Закончив осмотр сумочки, я передал ее Макнейлу со словами:

— Не забудьте положить ее на место, перед тем как позвоните в полицию.

Миссис Макнейл тут же начала жаловаться и возражать против обращения в полицию. Почему нельзя просто убрать тело отсюда и отвезти его куда-нибудь?

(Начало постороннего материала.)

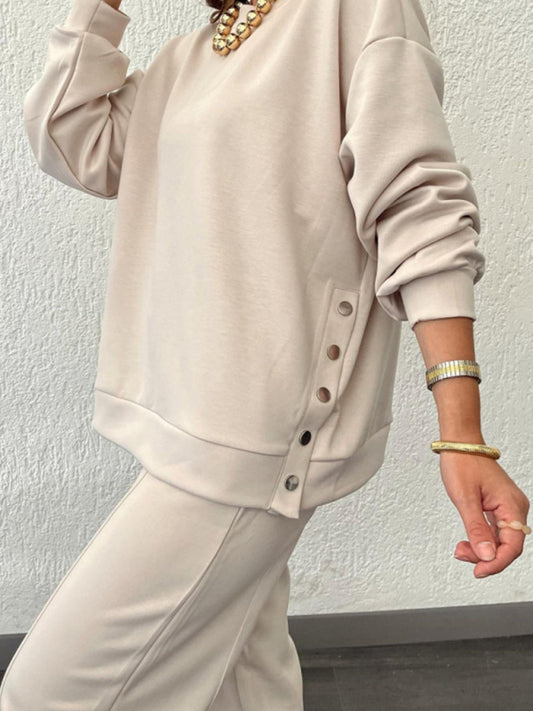 Casual Outfit- Loungewear 2-Pc Set Button-Adorned Sweatshirt & Comfy Sweatpants- Chuzko Women Clothing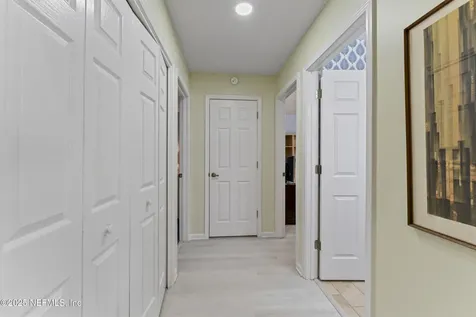 4410 Hunters Haven Lane E Jacksonville FL 32224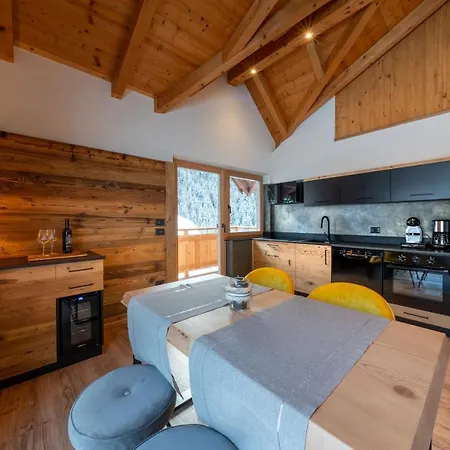 Orchidea Apartment *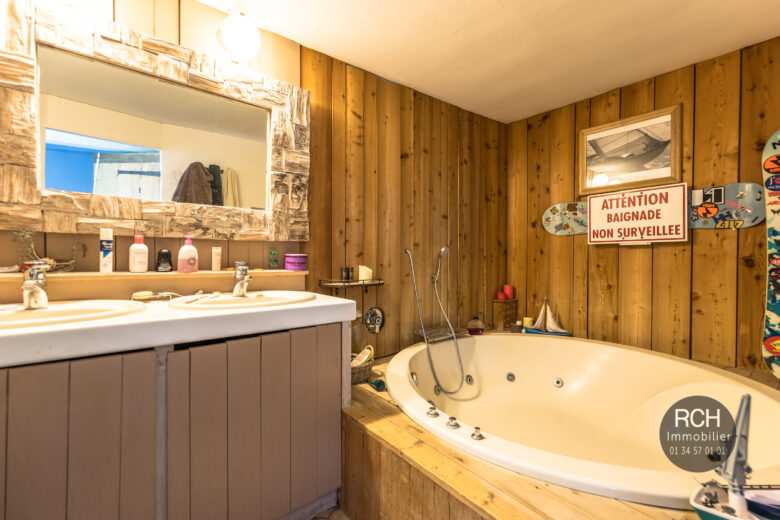 Photos du bien : Villiers-le-Mahieu – Belle maison ancienne avec piscine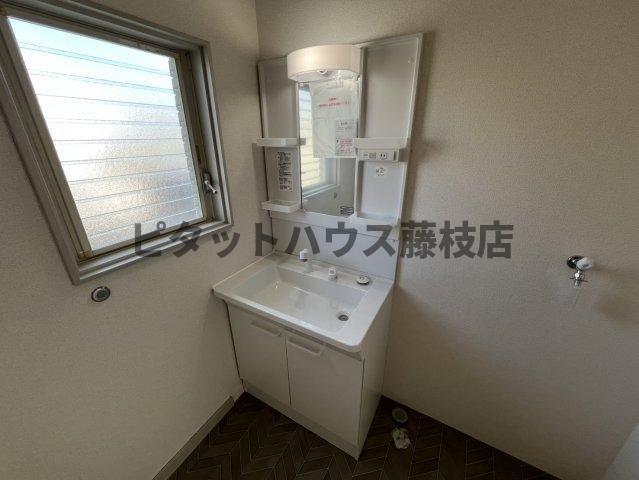 焼津市塩津一戸建 洗面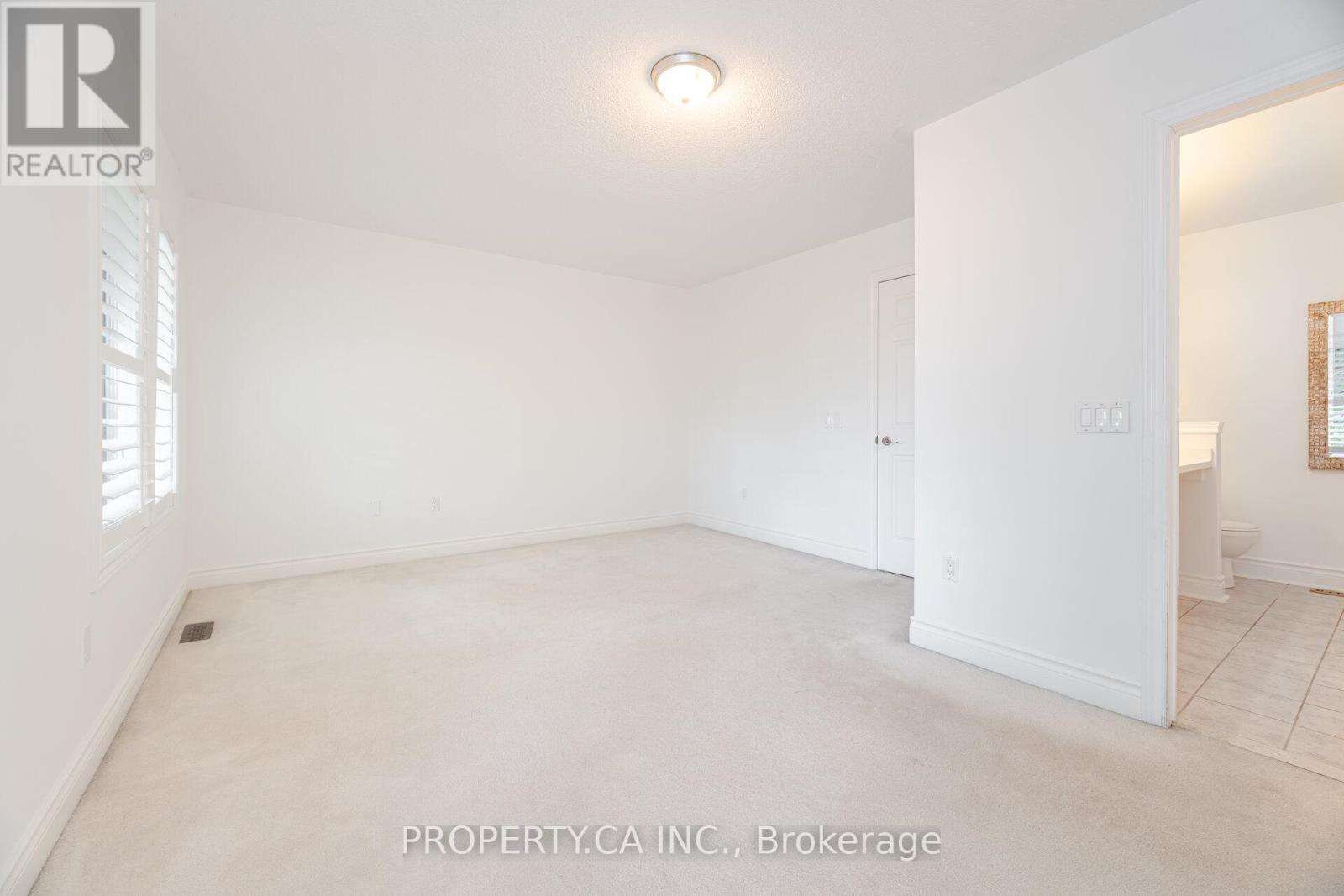 25 - 8038 Yonge Street, Vaughan, Ontario  L4J 1W3 - Photo 30 - N12729702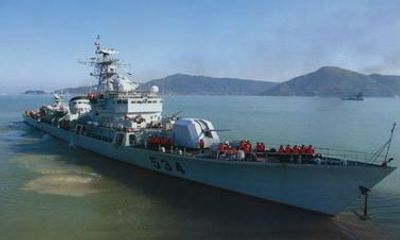 Trung Quốc mang cả hạm đội đấu với tàu chấp pháp Việt Nam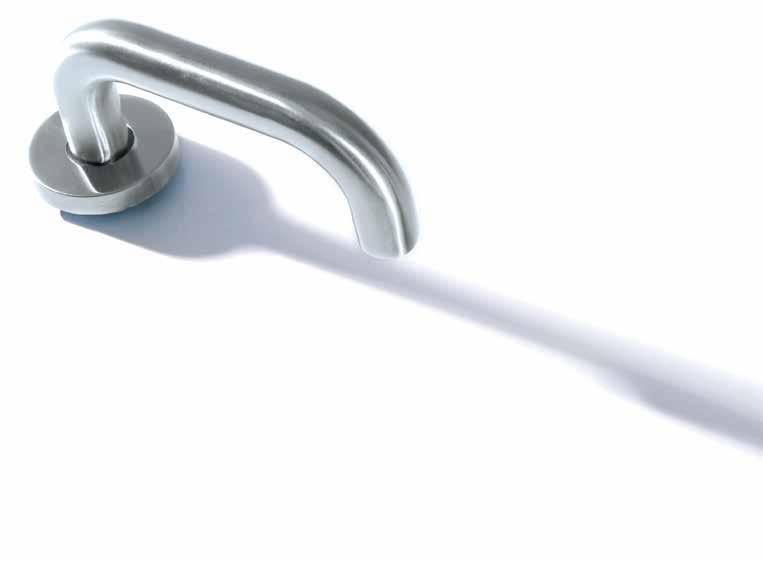 Institutional stainless AISI 304 handle Handles specially designed for offices and institutional buildings with standard applications.
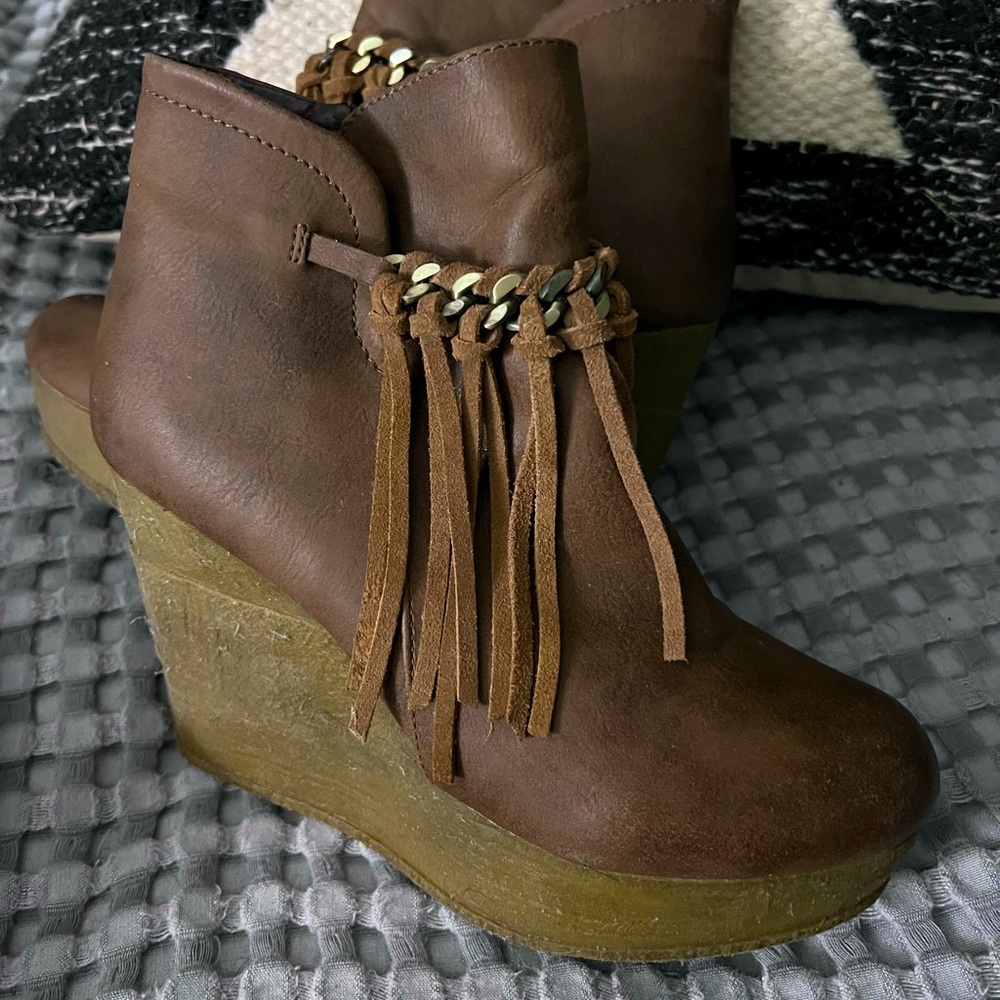 (SALE) NWOT Sbicca Bootie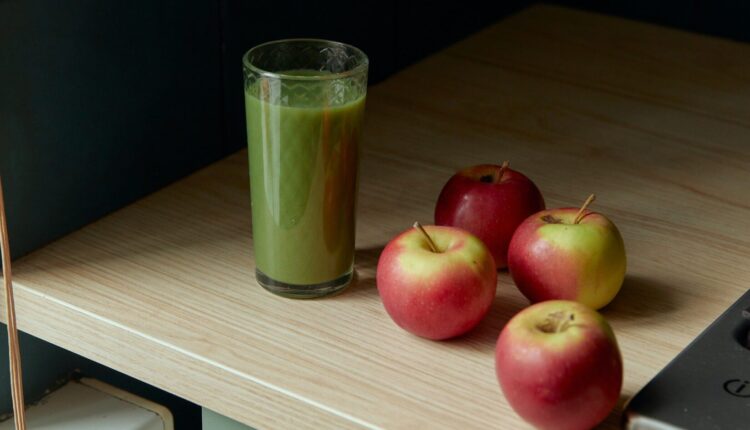 Po receptu Vase Pelagića: “Kafa“ od jabuka je spas kod glavobolje i kijavice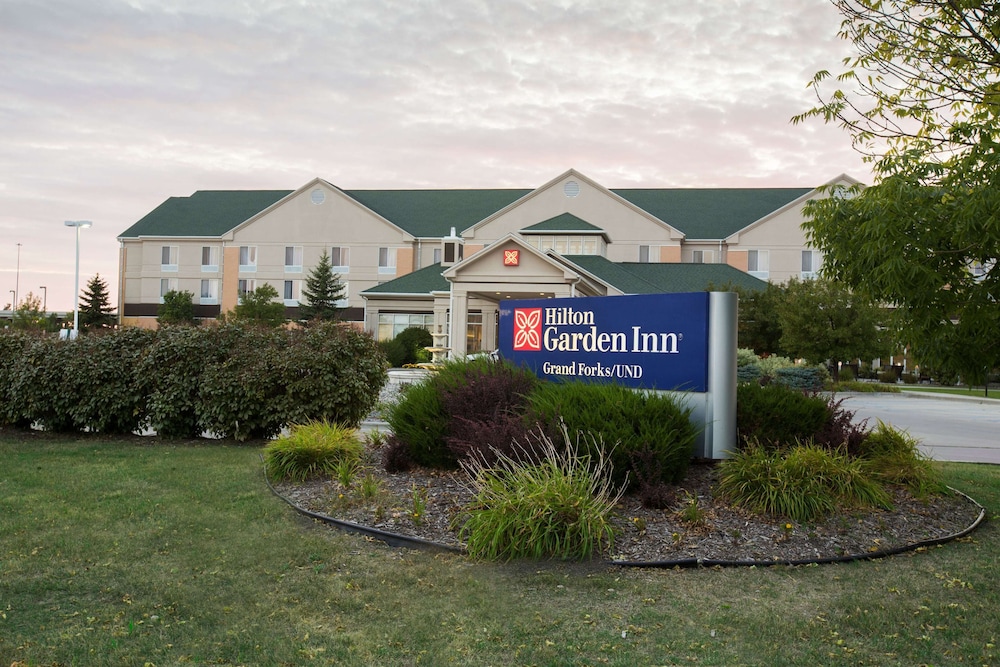 Hilton Garden Inn Grand Forks UND - featured photo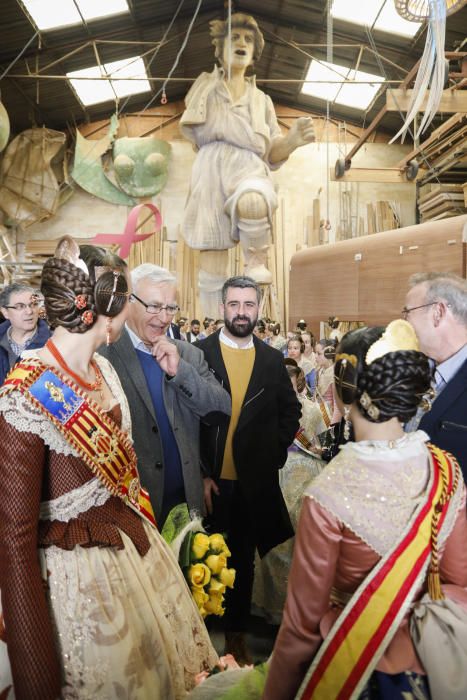 Las falleras mayores visitan el taller de la falla municipal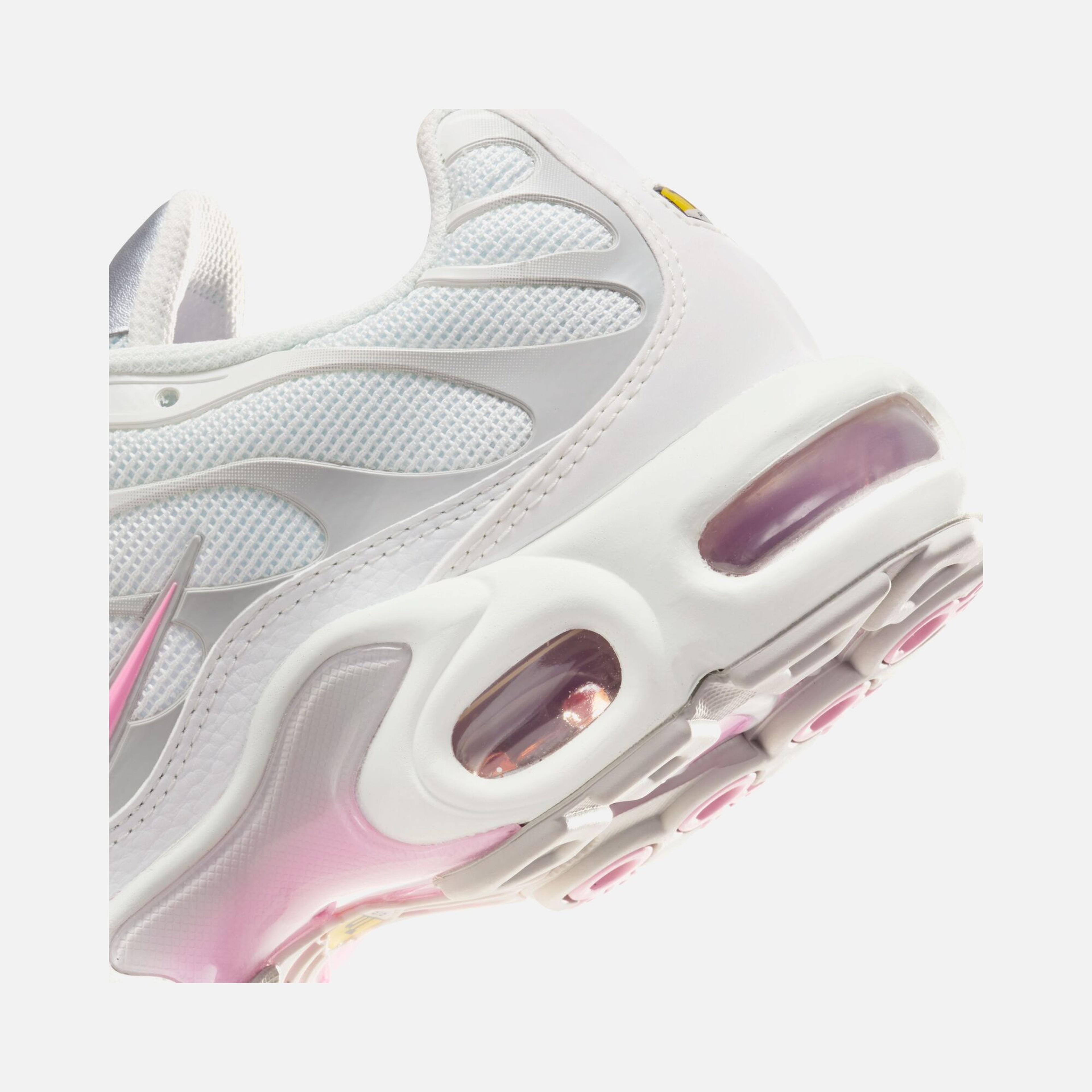 Nike Air Max Plus ''Pink Rise'' Kadın Spor Ayakkabı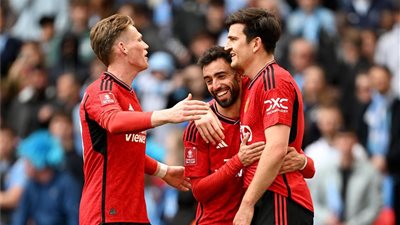 الشياطين الحمر في النهائي.. مانشستر يونايتد ينجو من ريمونتادا كوفنتري الجنونية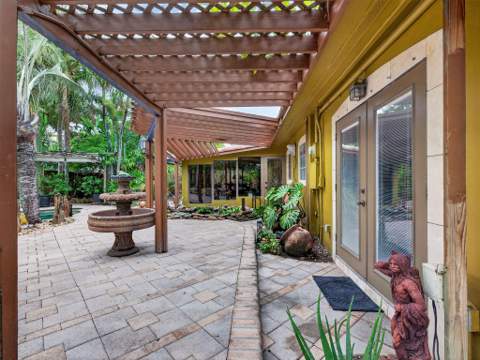 949 NE 25th Avenue, Pompano Beach FL - photo 21 of 88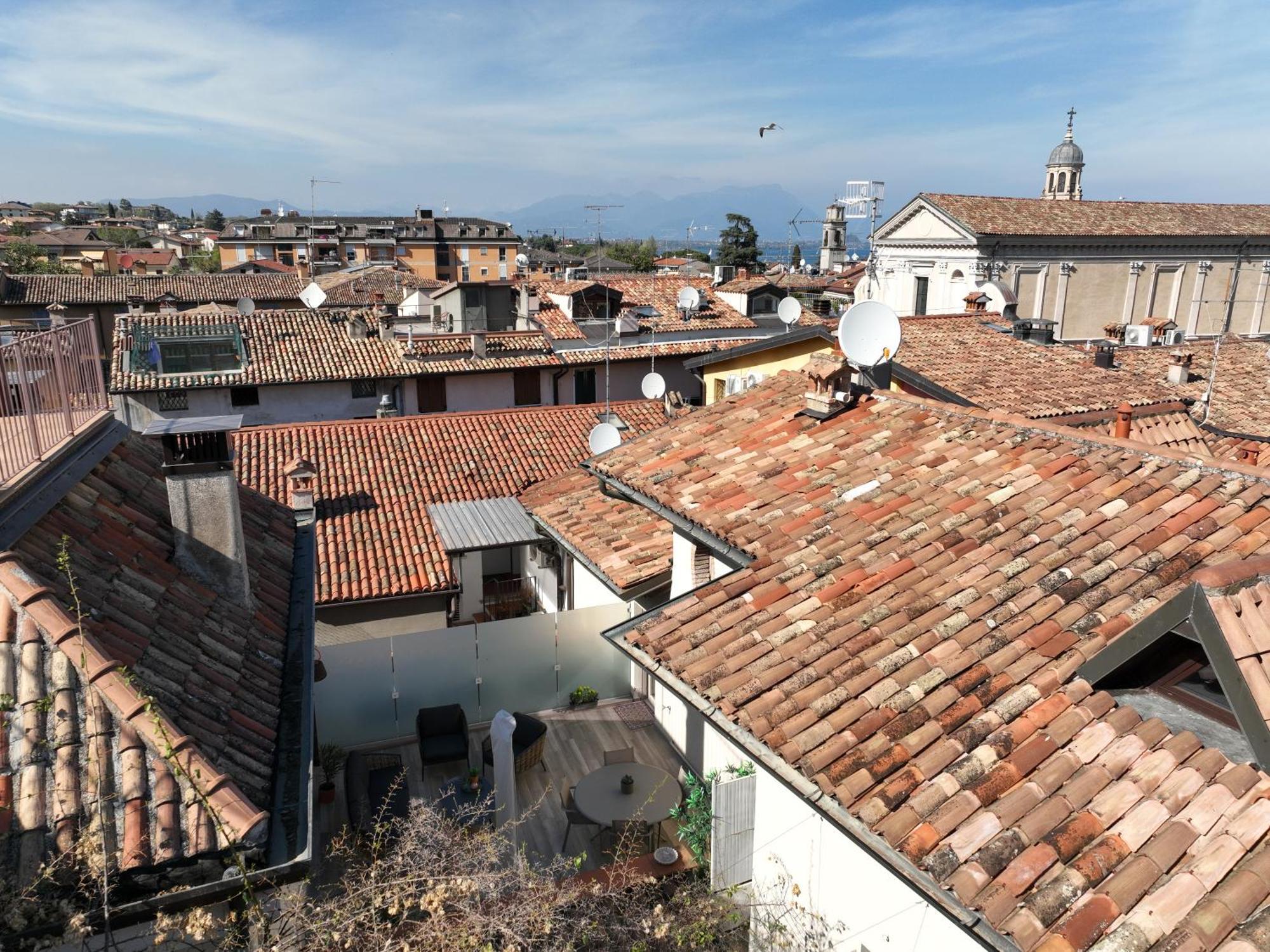 Vicolo Dei Signori Apartamento Desenzano del Garda Exterior foto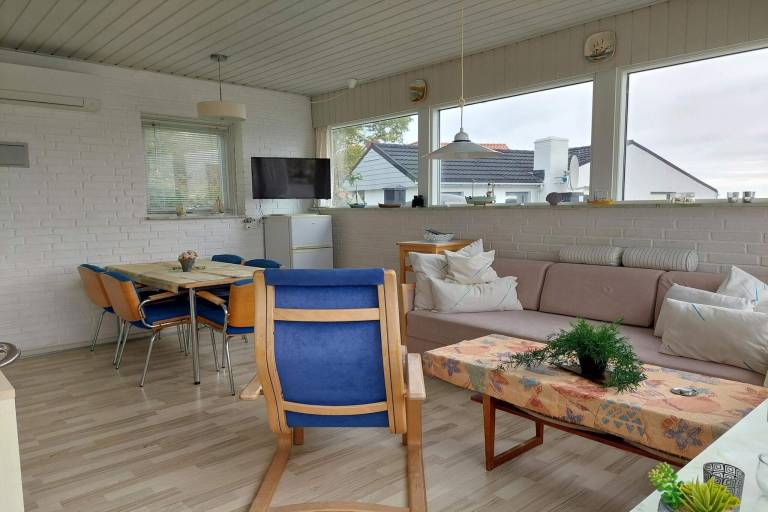 Vacation home with yard & patio | Pet-friendly — photo 4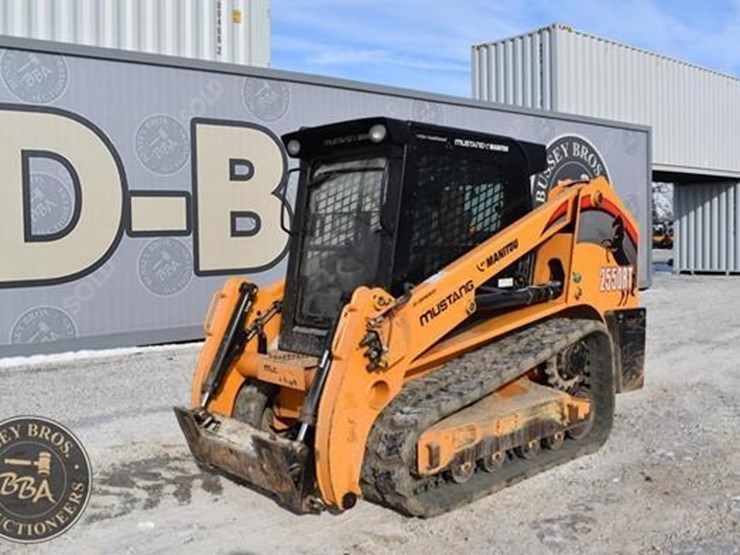 2020-mustang-2550rt-image-9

— Меня наняли, чтобы найти того, кто это сделал, — объяснил я. — Вмешательство полиции мне поможет. Их лаборанты и эксперты могут раздобыть в бунгало столько информации, сколько мне самому не получить и за месяц. — Обращаясь к Керригану, я добавил: — Насколько я понял, ваши люди располагают каналами для передачи мне этой информации?

Он кивнул:

— Все, что они узнают, пять минут спустя уже станет вашим достоянием.

Миссис Макнейл захныкала:

— Вы ставите нас в ужасно неловкое положение, мистер. Как мы объясним, почему мы сразу им не позвонили?

— А вы им сразу и позвоните, — уточнил я. — Не в моих правилах подтасовывать факты, но если мы так поступим, это не собьет их с толку. А вот если мы попробуем сообщить им правду, следствие точно пойдет не в том направлении, а возможно, и вообще не выберется на правильный путь.

— Так что же нам делать?

— Внести одну маленькую поправку. Вчера мисс Касл заплатила вам не за один, а за два дня. Она пришла к вам и сказала: «Похоже, я задержусь здесь дольше, чем рассчитывала». И оплатила проживание за два дня вперед. Измените запись в регистрационной книге.

Макнейл кивнул.

— Это не составит труда, — изрек он.

— Сегодня утром, — продолжал я, — на двери висела табличка «Не беспокоить», поэтому вы не стали менять постельное белье. Вы его и в самом деле еще не меняли. — Я поглядел на часы: шесть двадцать. — Сегодня вечером, часов в девять, вы уже не на шутку забеспокоились и рискнули открыть дверь. Вы обнаружили труп и немедленно позвонили в полицию. Вам нужно будет точно проделать все это от начала и до конца. Пройдите к ее бунгало, постучите, громко позовите ее и, наконец решившись, откройте дверь своим ключом. Потом с растерянными и испуганными лицами выскакивайте оттуда и бегите сюда, чтобы позвонить в полицию.

— На случай, если кто-нибудь нас увидит, — догадался Макнейл.

— Совершенно верно. Ничего необычного вы сегодня не заметили, разве что остановился лимузин с шофером и двое пассажиров захотели снять бунгало, осмотрели его и передумали. Про это расскажите, только если вас спросят.

— Да, сэр. — Макнейл облегченно улыбался, поняв, что в конце концов все улаживается.

— А как же мы? — спросил Керриган. — Нам здесь оставаться или как?

— Нет. Может, через денек-другой мы еще сюда и заедем, не знаю. А пока что возвращаемся в город. Перед отъездом я напомнил Макнейлу:

— Звоните не ранее девяти часов. Мне понадобится время, чтобы еще кое с чем разобраться.

Он пообещал, что все сделает, как я велел. Мы вышли к лимузину и направились обратно в Нью-Йорк.